Wir wissen Ihren Besuch sehr zu schätzen und begrüssen Sie herzlich hier im
Vatikan.
Als Offiziere der deutschen Bundesmarine und Teilnehmer eines Lehrganges des
Admiralstabes bereiten Sie sich auf eine verantwortungsvolle Stellung im
öffentlichen Leben Ihrer Heimat vor. Auf Ihren Fahrten zur See kommen Sie zudem
in zahlreiche andere Länder und Erdteile. Sie treffen mit vielen Völkern
zusammen und können daher mehr als andere Berufe feststellen, wie aufgewühlt
unsere heutige Zeit ist und wie sehr den Menschen der wahre Friede fehlt.
Gern benützen Wir darum diese Begegnung, Ihnen nahezulegen, sich mit aller Kraft
für die Grundlegung und Erhaltung des Friedens unter den Völkern einzusetzen.

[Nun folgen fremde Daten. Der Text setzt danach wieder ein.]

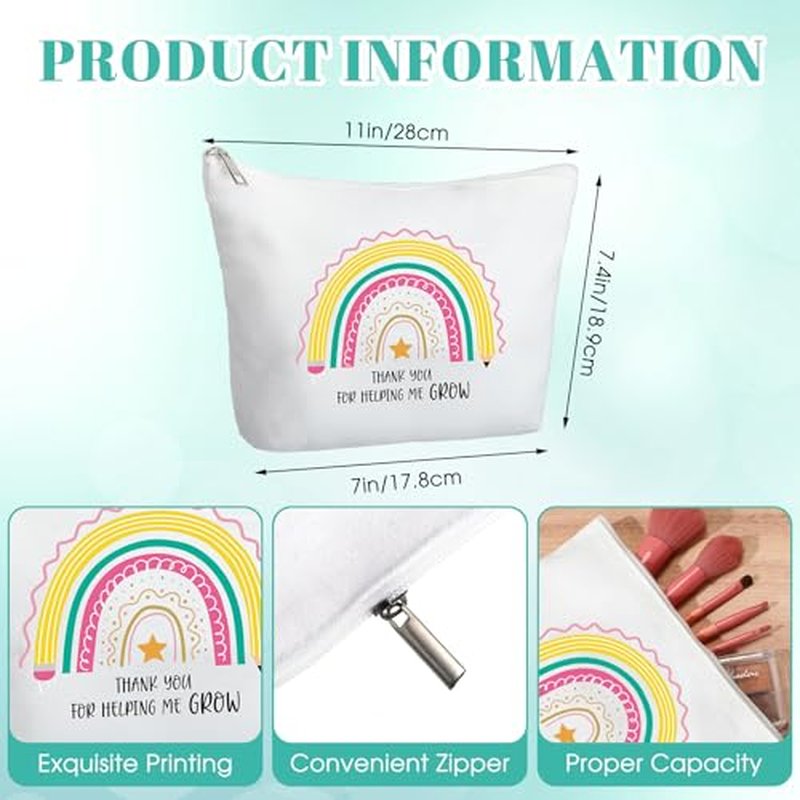 Hushee 6 Pcs Teacher Appreciation Gift for Women Include 2 Set Teacher Tote Bag Tumbler and Makeup Bag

Bei dem Besuch so vieler Länder können Sie immer wieder aufs neue beobachten:
Das einfache Volk bejaht den Frieden; es lehnt das Wettrüsten ab und ist
zufrieden, wenn es in Ruhe und Sicherheit leben und seiner täglichen Arbeit
nachgehen kann.
Die katholische Kirche unterstützt und fördert alle Bemühungen, die einen
wahren, dauerhaften und menschenwürdigen Frieden zum Ziel haben. Seien Sie aber
überzeugt, sehr geehrte Herren, ein solcher Friede ist nur auf religiöser
Grundlage möglich, dass nämlich die unantastbaren Rechte Gottes gegenüber dem
einzelnen Menschen wie den Völkern geachtet werden. Rein humanitäre Ideen oder
nur politische Berechnungen genügen dabei nicht, wie es der Lauf der Geschichte
immer wieder bestätigt.
Wir alle wollen daher überzeugte Werkleute des Friedens sein. Von Herzen
wünschen Wir Ihnen die ganze Fülle des christlichen Osterfriedens und rufen auf
Sie und Ihre Angehörigen Gottes bleibenden Schutz und Segen herab.